Starting at the line that contains "Townhouse - 3", output each line through the end of the data exactly, and nothing more.

Stored dataset items
# # # # #

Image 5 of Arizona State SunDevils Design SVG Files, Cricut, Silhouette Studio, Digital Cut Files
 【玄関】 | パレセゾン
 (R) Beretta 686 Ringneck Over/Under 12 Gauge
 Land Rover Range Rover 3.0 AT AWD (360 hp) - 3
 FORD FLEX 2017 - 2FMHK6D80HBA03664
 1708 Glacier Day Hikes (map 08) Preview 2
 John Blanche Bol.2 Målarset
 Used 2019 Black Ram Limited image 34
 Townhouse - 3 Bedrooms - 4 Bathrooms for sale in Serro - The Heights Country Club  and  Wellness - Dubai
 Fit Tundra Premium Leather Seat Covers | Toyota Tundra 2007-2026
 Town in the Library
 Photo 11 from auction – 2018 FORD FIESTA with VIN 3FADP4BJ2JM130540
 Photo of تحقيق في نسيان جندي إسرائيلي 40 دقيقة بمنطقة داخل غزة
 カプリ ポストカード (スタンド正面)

# # # # #

▶ _RESPONSE_:
 Townhouse - 3 Bedrooms - 4 Bathrooms for sale in Serro - The Heights Country Club  and  Wellness - Dubai
 Fit Tundra Premium Leather Seat Covers | Toyota Tundra 2007-2026
 Town in the Library
 Photo 11 from auction – 2018 FORD FIESTA with VIN 3FADP4BJ2JM130540
 Photo of تحقيق في نسيان جندي إسرائيلي 40 دقيقة بمنطقة داخل غزة
 カプリ ポストカード (スタンド正面)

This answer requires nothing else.